Cherian George wrote: “Democracy requires the right to speak, and this is where the internet has come to the fore. But democracy also expects of citizens that we listen, to hear views different from our own, to negotiate and, if necessary, compromise. We need spaces for such deliberation and social conciliation.”
One of the important lessons that my wife and I learned was that we should do our best to avoid mentioning mistakes made in the past. What’s done is done, with we should apologize, accept and move on. It isn’t a healthy relationship if we keep harping on the past, because it is an albatross around our necks.
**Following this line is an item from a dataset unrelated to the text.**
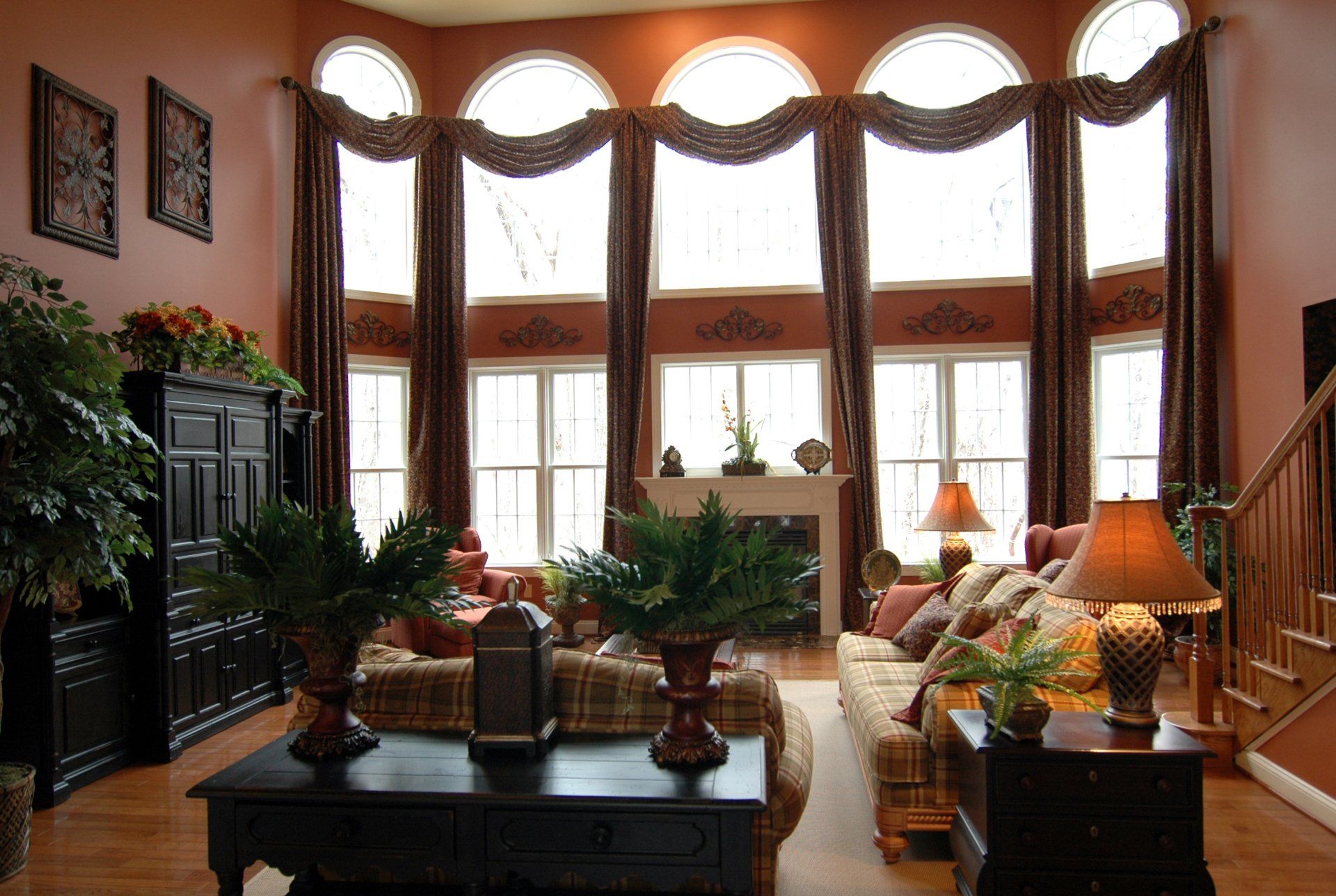 Living room with tall windows, brown curtains, fireplace, and furniture.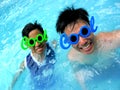 Two teenage boys wearing sunglasses with the word cool for its frame in a swimming pool Royalty Free Stock Photo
I implore everyone who is reading this to really think about the meaning of conversation and listening. A truly heartfelt engagement is a rare and precious thing, even amongst couples married for many years. It will be even more difficult between citizens and the government. But we owe it to ourselves to try to put our prejudices aside and have a real National Conversation. It is our Singapore, and we are in it together after all.